15.10.2.9 AtomEscape
In the algorithm for AtomEscape :: DecimalEscape, replace step 2 with:
- If E is a code point, then
- Let cp be E’s code point.
- Let A be a one-element CodePointSet containing the code point cp.
- Call CodePointSetMatcher(A, false) and return its Matcher result.
In step 5.8 of the same algorithm, replace “Canonicalize(s[i]) is not the same character as Canonicalize(Input [e+i])” with “Canonicalize(s{i}) is not the same code point as Canonicalize(Input{e+i})”.
Replace the first two steps of the algorithm for AtomEscape :: CodePointEscape with:
- Evaluate CodePointEscape to obtain a code point cp.
- Let A be a one-element CodePointSet containing the code point cp.
15.10.2.10 CodePointEscape
In the first paragraph, replace “character” with “code point”. In the following table, replace “Code Unit” with “Code Point”, and replace all occurrences of “\u” with “U+”.
Replace the algorithm for CodePointEscape :: c ControlLetter with:
- Let cp be the code point represented by ControlLetter.
- Return the remainder of dividing cp by 32.
In the remaining three paragraphs, replace “character” with “code point”.
15.10.2.11 DecimalEscape
In step 2 of the algorithm, replace “a <NUL> character (Unicode value 0000)” with “the code point U+0000 (NULL)”.

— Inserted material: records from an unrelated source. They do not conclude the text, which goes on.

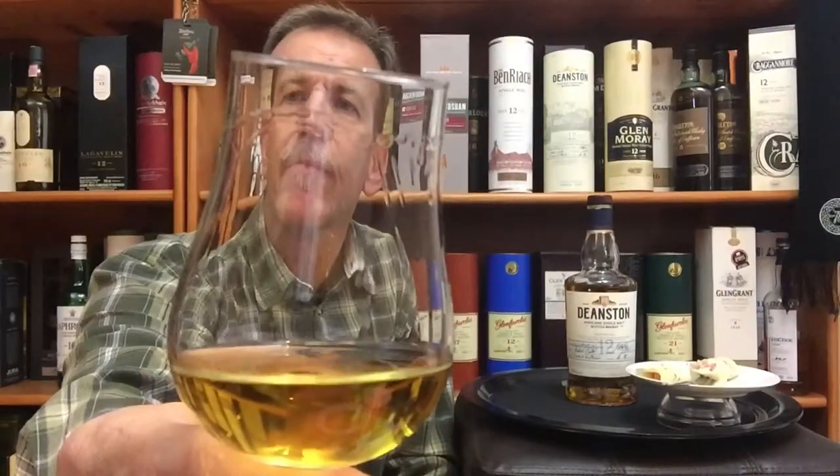I've already poured my dram a little before the video started — there we go, Deanston 12 year old. Look at that amber gold color, dark gold color, sunset gold color — a bit of legs forming there on the glass. And on the nose: creamy caramel, vanilla, honey, sweet oak, sweet fruits, some citrus.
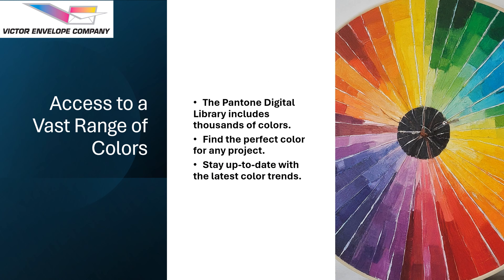With Pantone Digital Library you have access to the best range of colors, including the latest edition of the Pantone Palette. This gives you the freedom to find the perfect color for any project. In addition, the Digital Library is always up to date with the latest color trends, and it eliminates the possibility of a manufacturer not having access to your desired color.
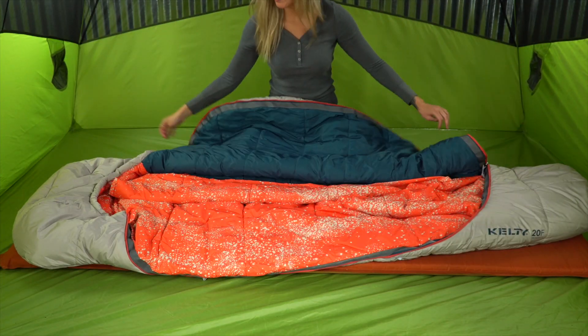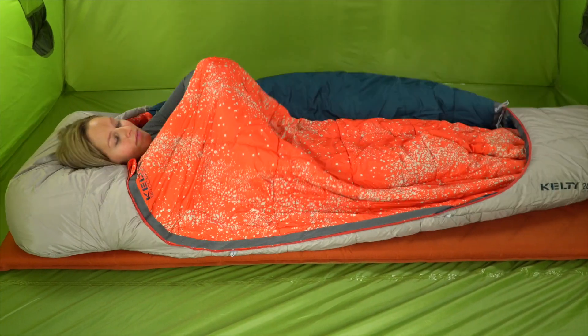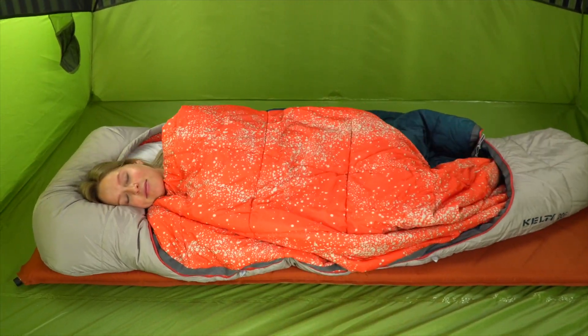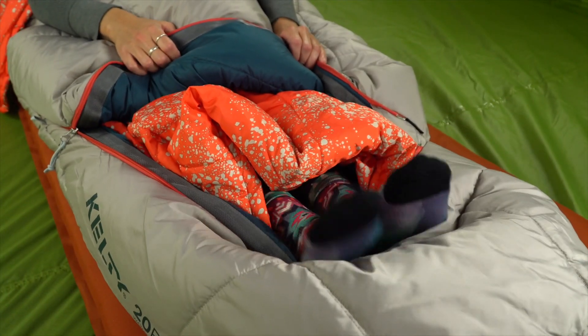Like to snuggle up with a blanket? Then you'll love Kelty's patented built-in blanket design to keep you extra cozy, or to be used on its own for warmer nights. And if you're getting a little too warm, cool off using the Comfort Tuck zipper system and let those tootsies breathe.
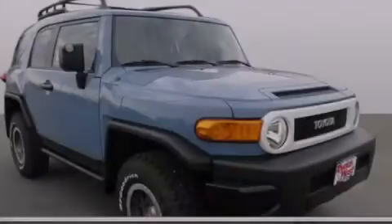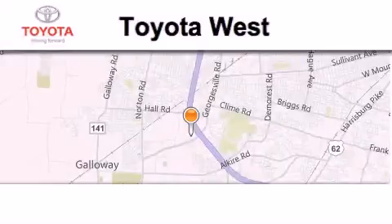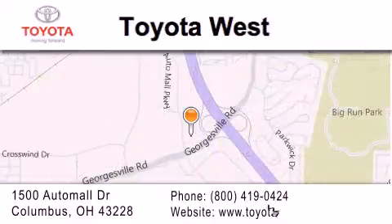Please call us today for more information on this great vehicle. Toyota West is located at 1500 Auto Mall Drive in Columbus. Our goal is to exceed all of your expectations to ensure that you'll return for future visits.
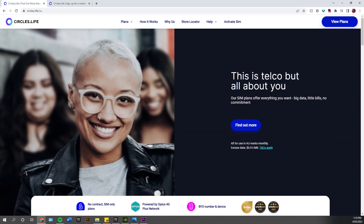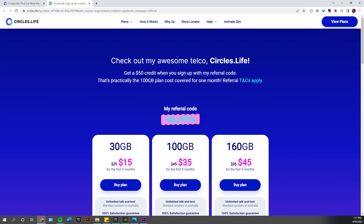You can bring your phone number over — it's no contract, SIM-only plans powered by the Optus 4G Plus network. BYO number and device, and they've got some pretty cool awards as well. Of course they do the referral thing, so why not share this with you guys.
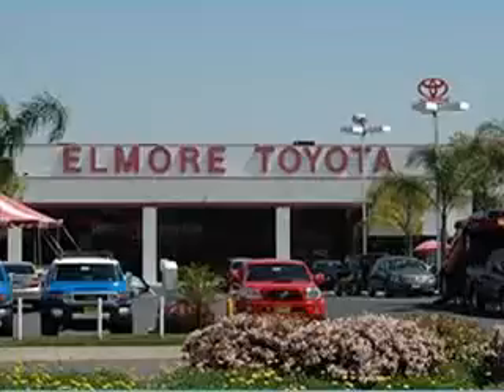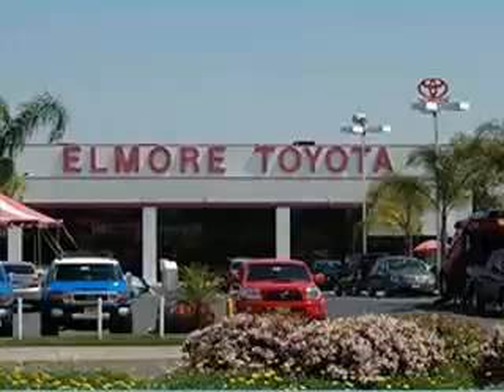Be sure to visit us online at www.elmoretoyota.com for a list of our new and used car inventory, request a quote, schedule a test drive, and so much more.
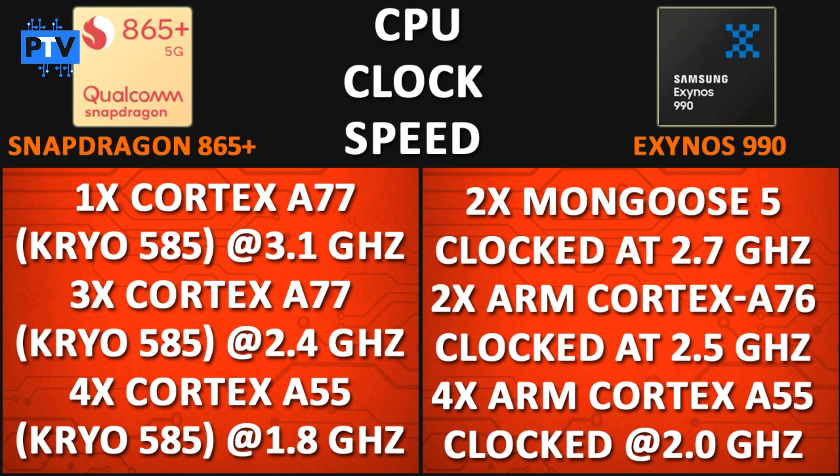The Exynos 990 has a 2+2+4 core arrangement. The first 2 cores are Samsung's self-designed Mongoose cores for high-performance tasks, clocked at 2.7 GHz. The next 2 cores are ARM Cortex-A76 clocked at 2.5 GHz, and the last 4 efficiency cores are ARM Cortex-A55 clocked at 2.0 GHz. In terms of CPU, the 865 Plus is the better one due to its 3.1 GHz clock speed, A77 cores, and well-optimized Kryo cores.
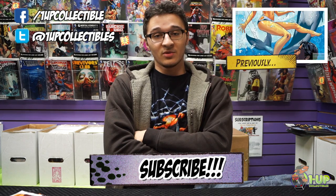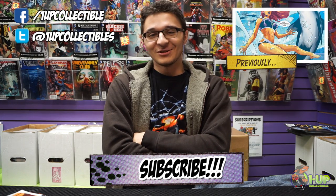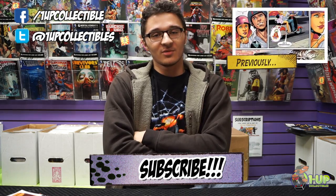You can get all these titles and more at 1Up Collectibles or at 1UpCollectibles.com. Don't forget to like us on Facebook, follow us on Twitter, and subscribe to the channel below. And we'll see you next time.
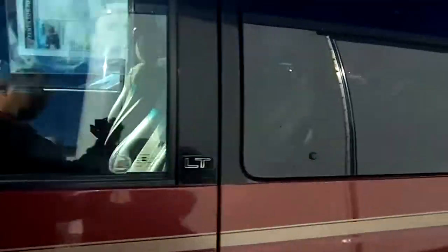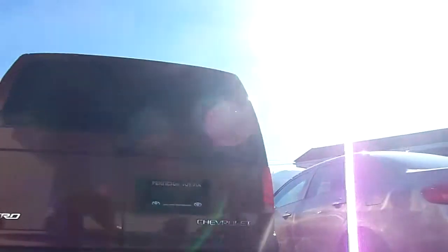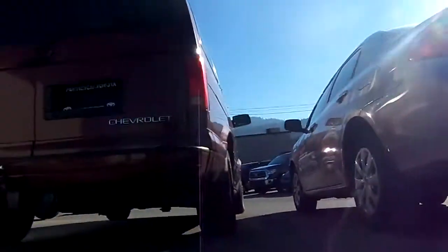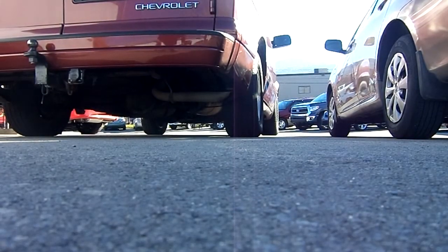So what we're gonna do is — this is the van here. I just got to figure out where the exhaust system is — there it is, over in the corner. I'm just gonna leave the camera right here so you can see it. Okay, I'm gonna start it here.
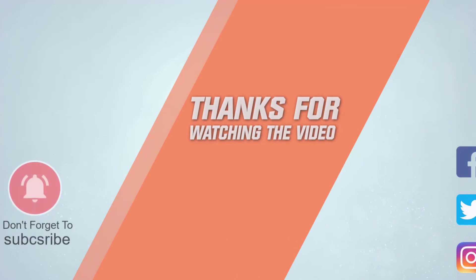For more details, click the link in the description. Thanks for watching the video.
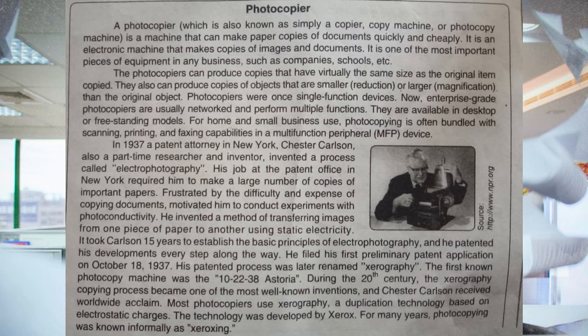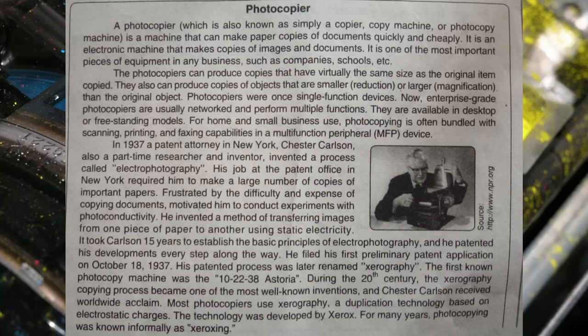During the 20th century, the xerography copying process became one of the most well-known inventions and Chester Carlson received worldwide acclaim. Most photocopiers use xerography, an application technology based on electrostatic charges. The technology was developed by Xerox. For many years, photocopying was known informally as Xeroxing.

15.10.2.12 CharacterClassEscape
Replace all occurrences of “characters” with “code points”.
15.10.2.15 NonemptyClassRanges
In step 4 of the algorithm for NonemptyClassRanges :: ClassAtom - ClassAtom ClassRanges, replace “CharacterRange” with “CodePointRange”.
Replace the description of the abstract operation CharacterRange with:
The abstract operation CodePointRange takes two CodePointSet parameters A and B and performs the following:
- If A does not contain exactly one code point or B does not contain exactly one code point then throw a SyntaxError exception.
- Let a be the one code point in CodePointSet A.
- Let b be the one code point in CodePointSet B.
- If a > b then throw a SyntaxError exception.
- Return the set containing all code points from a through b, inclusive.
In note 1, 2, and 3, replace all occurrences of “character” with “code point”.
In note 2, replace “ASCII letters” with “letters in the Basic Latin block”.
15.10.2.17 ClassAtom
Replace “character” with “code point”.
15.10.2.18 ClassAtomNoDash
Replace “character” with “code point”.
15.10.2.19 ClassEscape
Replace steps 2-4 of the algorithm for ClassEscape :: DecimalEscape with:
- If E is not a code point then throw a SyntaxError exception.
- Let cp be E’s code point.
- Return the one-element CodePointSet containing the code point cp.
Replace “the one character <BS> (Unicode value 0008)” with “the one code point U+0008 (BACKSPACE)”.
Replace all remaining occurrences of “character” with “code point”.
15.10.4.1 new RegExp(pattern, flags)
After the first paragraph of section 15.10.4.1, insert the description of two preprocessing steps. The first step removes the need for subsequent processing to worry about Unicode escape sequences while looking for supplementary code points or surrogate code units. The second step provides compatibility with the workarounds that some libraries have used to support supplementary characters in regular expressions.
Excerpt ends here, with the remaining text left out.